BAK and BAX deletion using zinc-finger nucleases yields apoptosis-resistant CHO cells
Article first published online: 23 SEP 2009
Copyright © 2009 Wiley Periodicals, Inc.
Biotechnology and Bioengineering
Volume 105, Issue 2, pages 330–340, 1 February 2010
How to Cite
Cost, G. J., Freyvert, Y., Vafiadis, A., Santiago, Y., Miller, J. C., Rebar, E., Collingwood, T. N., Snowden, A. and Gregory, P. D. (2010), BAK and BAX deletion using zinc-finger nucleases yields apoptosis-resistant CHO cells. Biotechnol. Bioeng., 105: 330–340. doi: 10.1002/bit.22541
- Issue published online: 21 DEC 2009
- Article first published online: 23 SEP 2009
- Accepted manuscript online: 23 SEP 2009 12:00AM EST
- Manuscript Accepted: 8 SEP 2009
- Manuscript Revised: 10 AUG 2009
- Manuscript Received: 26 JAN 2009
- homologous recombination;
- cell death
Anoxic and metabolic stresses in large-scale cell culture during biopharmaceutical production can induce apoptosis. Strategies designed to ameliorate the problem of apoptosis in cell culture have focused on mRNA knockdown of pro-apoptotic proteins and over-expression of anti-apoptotic ones. Apoptosis in cell culture involves mitochondrial permeabilization by the pro-apoptotic Bak and Bax proteins; activity of either protein is sufficient to permit apoptosis. We demonstrate here the complete and permanent elimination of both the Bak and Bax proteins in combination in Chinese hamster ovary (CHO) cells using zinc-finger nuclease-mediated gene disruption.
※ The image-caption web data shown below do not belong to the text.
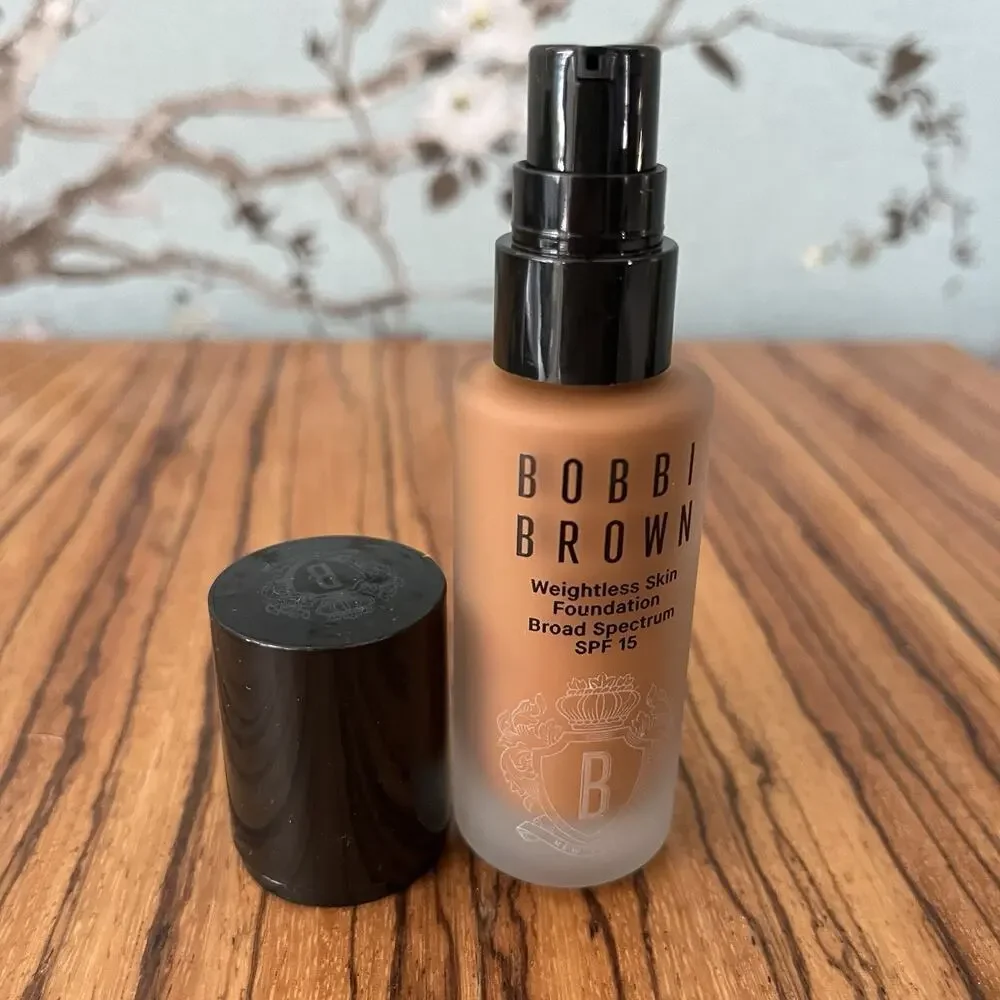 Bobbi Brown Weightless Skin Foundation SPF 15 N-090 Neutral Walnut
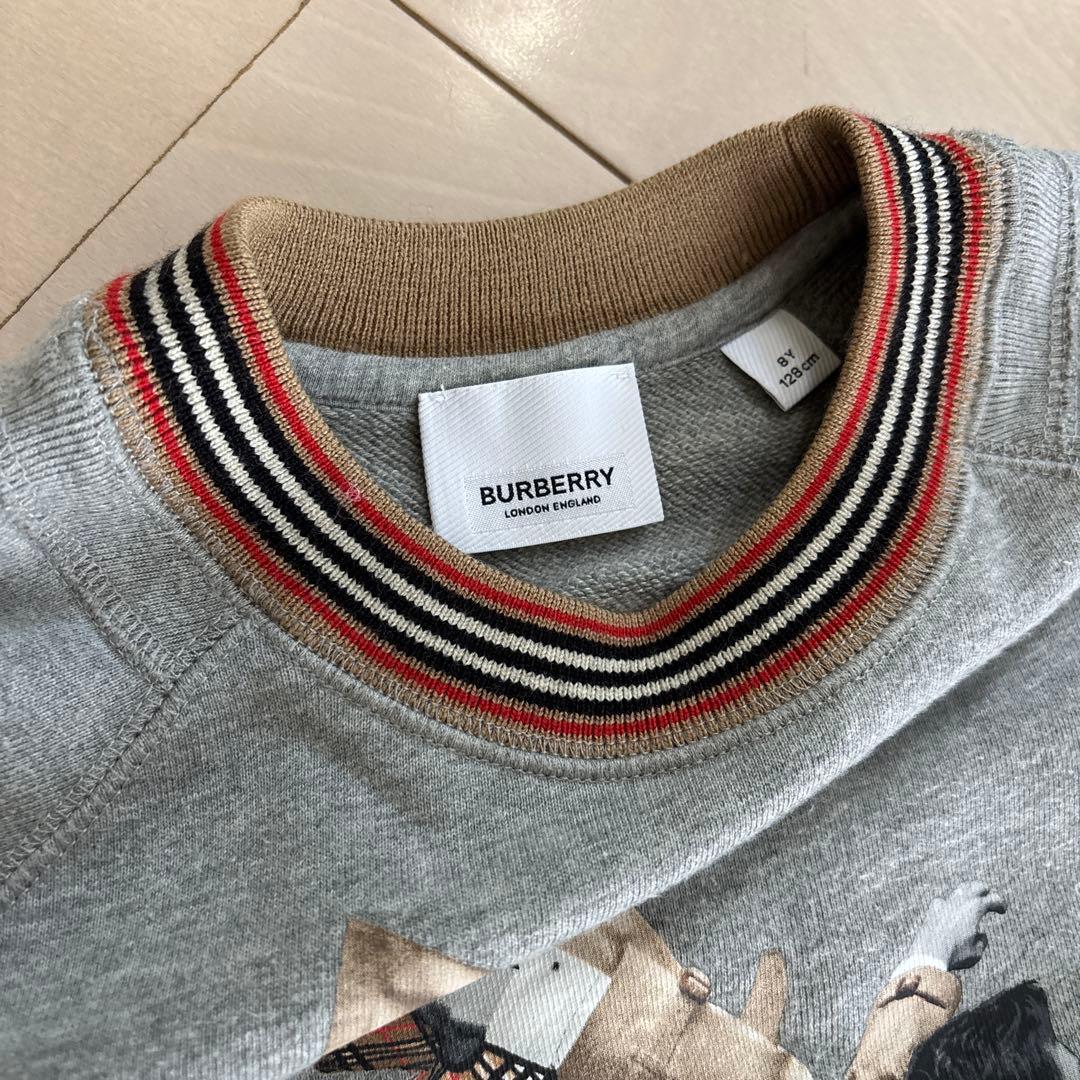 kou　バーバリースウェット　8Y128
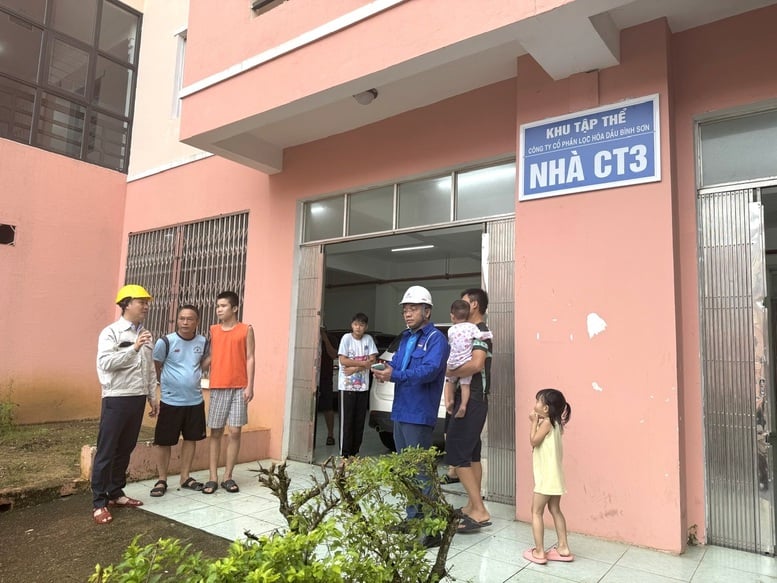 BSR активно запрошує мешканців узбережжя знайти укриття від шторму № 13 - Фото 1. BSR chủ động đón người dân vùng ven biển tránh trú bão số 13- Ảnh 1.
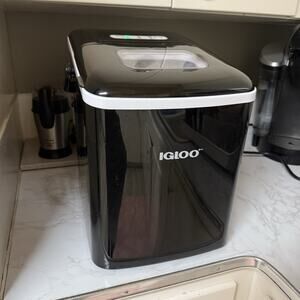 Igloo ICEB26HNBK 26 lbs. Self Cleaning Ice Maker with Carrying Handle, Black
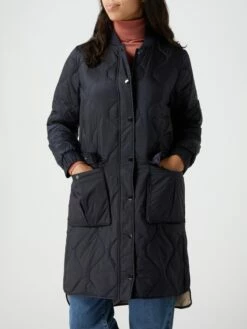 Saint Tropez Steppmantel Mit Wattierung Modell 'Hazel' - Marineblau -WINTERMÄNTEL Verkaufs-Shop a57ladql716j0cqj84q4ci2l6d24gea19csj6hil9h33ek1pap73chadaoq3ggqe6964slibakpj4ja2a4o38oj2cop34e316gp3ip9k69hjae9i6oo34cpgchh32dph75h3eoo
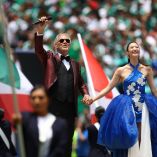 EJAE brilló junto a Andrea Bocelli durante la inauguración del Mundial 2026.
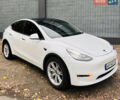 Белый Тесла Model Y, объемом двигателя 0 л и пробегом 34 тыс. км за 31400 $, фото 1 на Automoto.ua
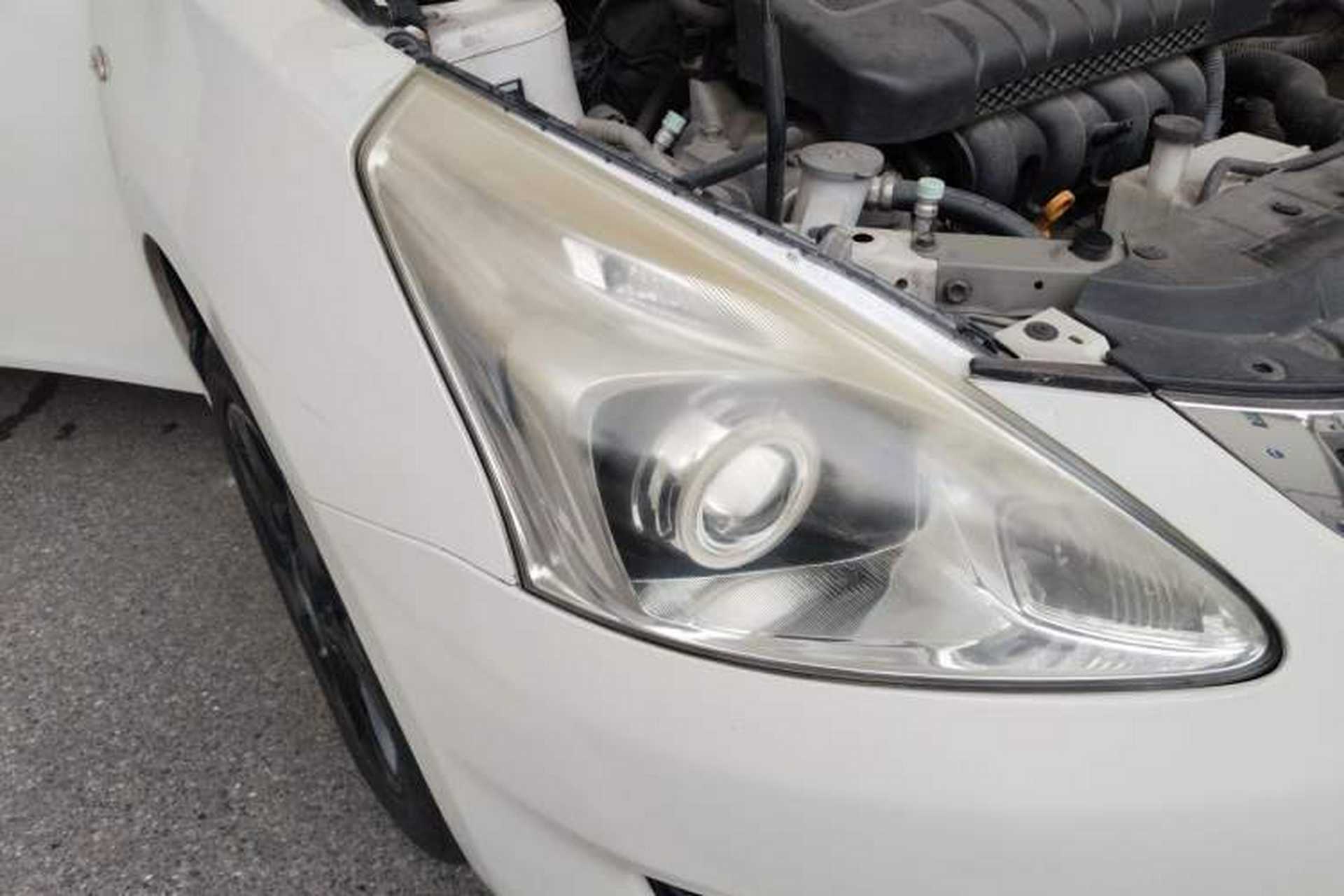 Used Nissan Tiida 2011 1.6L CVT Smart Version Right Front Headlight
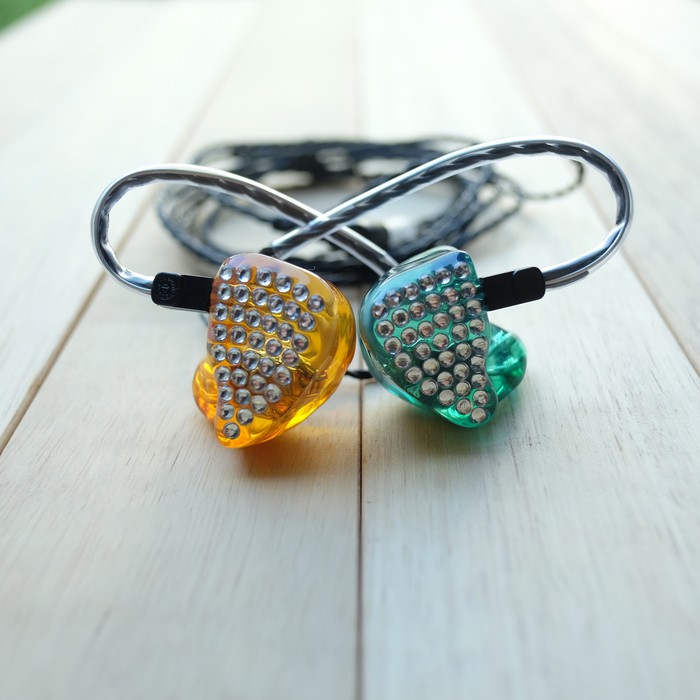 Diskon Avara AV3 Custom u002F Universal IEM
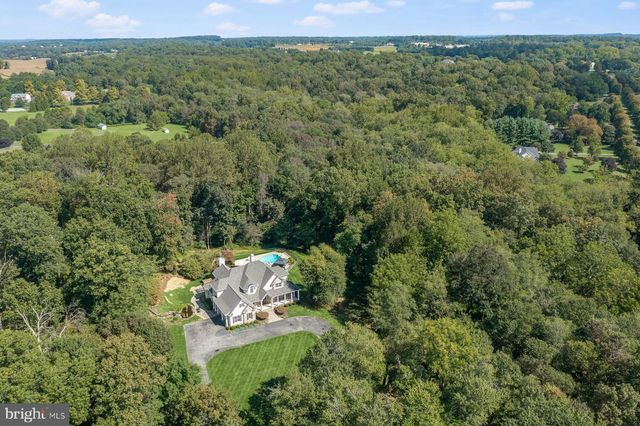 2890 HUNT VALLEY DR, Glenwood, MD 21738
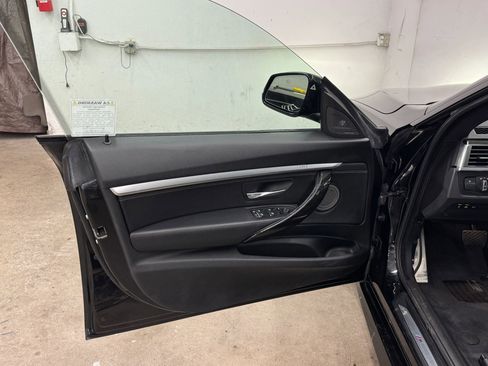 Used 2017 BMW 340i Gran Turismo xDrive AWD/4WD image 13
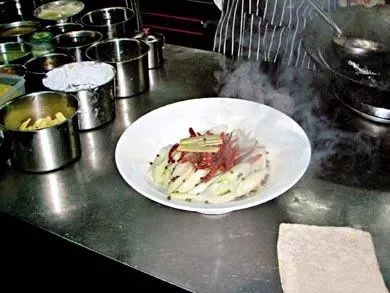玫瑰肉菜小炒是什么菜_玫瑰肉菜小炒是哪里的菜_小炒玫瑰肉是哪里的菜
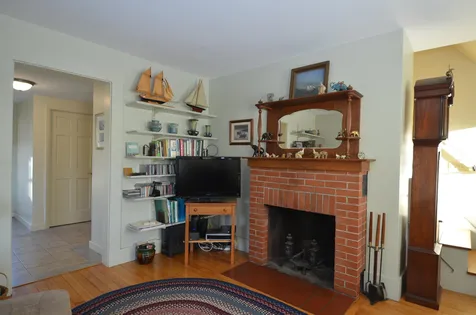 18 Elm Drive York ME 03909
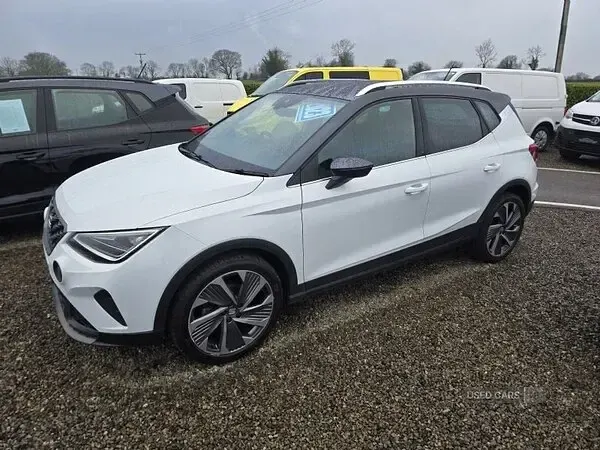 Used Seat Arona FR 110 HP (80 kW) 2023 White SUV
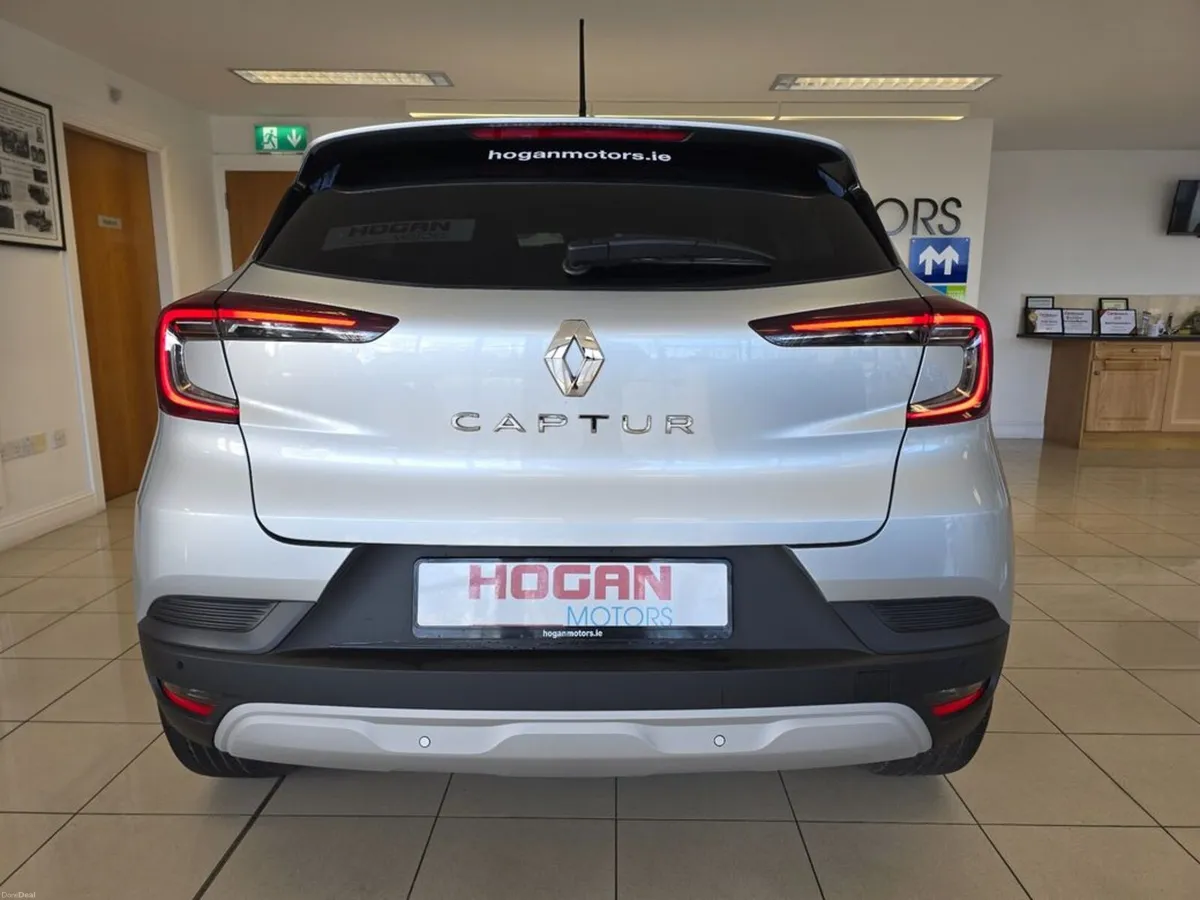 Renault Captur Evolution Petrol New Model - Image 5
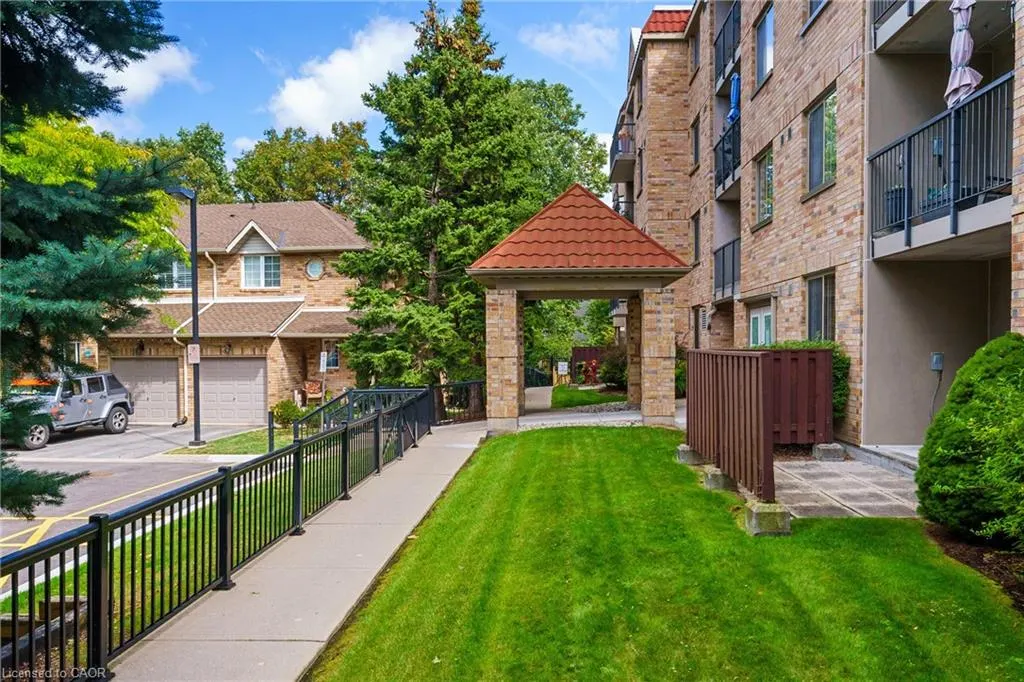 3499 Upper Middle Road, #211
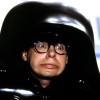 Kot nerodni zlobnež Lord Temna čelada v kultni parodiji Vesoljska jajca iz leta 1987 je ustvaril eno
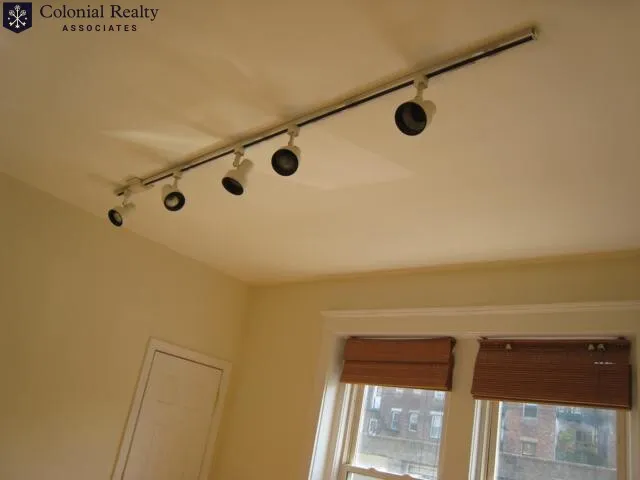 3 bed, 1 bath apartment for rent at 62 Egmont St Unit 12, North Brookline — photo 18 of 49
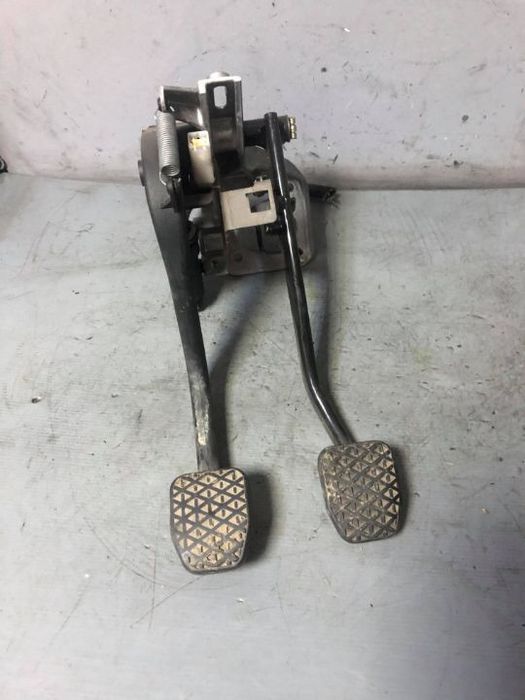 ansamblu pedale 2.0 d bmw seria 3 e46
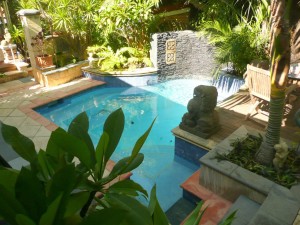Inground Pool Designs for Small Backyards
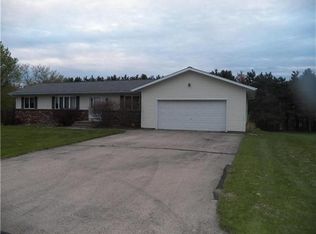 395 King Olavs Ln, Iola, WI 54945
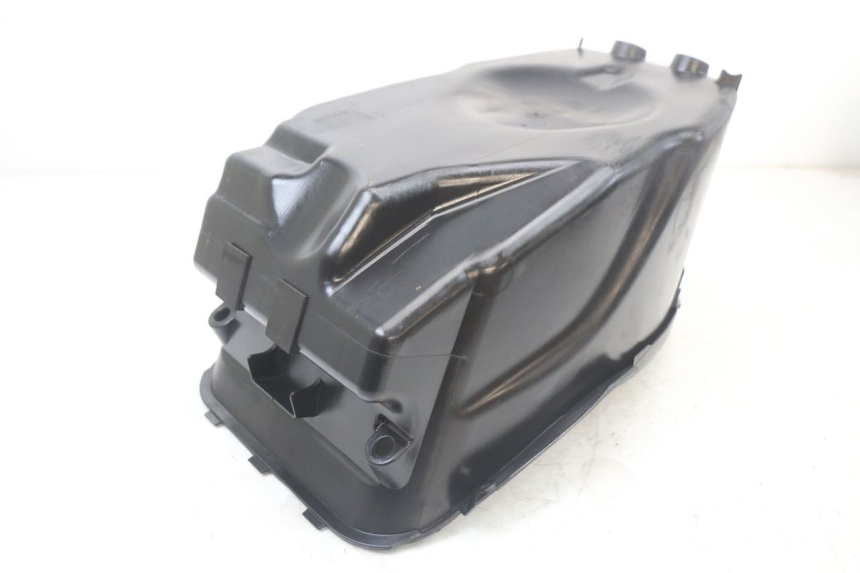 photo de UNDERSEAT STORAGE SUZUKI ADDRESS 110 (2015 - 2020) - Surface and material condition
Zinc-finger nuclease cleavage of BAX and BAK followed by inaccurate DNA repair resulted in knockout of both genes. Cells lacking Bax and Bak grow normally but fail to activate caspases in response to apoptotic stimuli. When grown using scale-down systems under conditions that mimic growth in large-scale bioreactors they are significantly more resistant to apoptosis induced by starvation, staurosporine, and sodium butyrate. When grown under starvation conditions, BAX- and BAK-deleted cells produce two- to fivefold more IgG than wild-type CHO cells. Under normal growth conditions in suspension culture in shake flasks, double-knockout cultures achieve equal or higher cell densities than unmodified wild-type cultures and reach viable cell densities relevant for large-scale industrial protein production. Biotechnol. Bioeng. 2010; 105: 330–340. © 2009 Wiley Periodicals, Inc.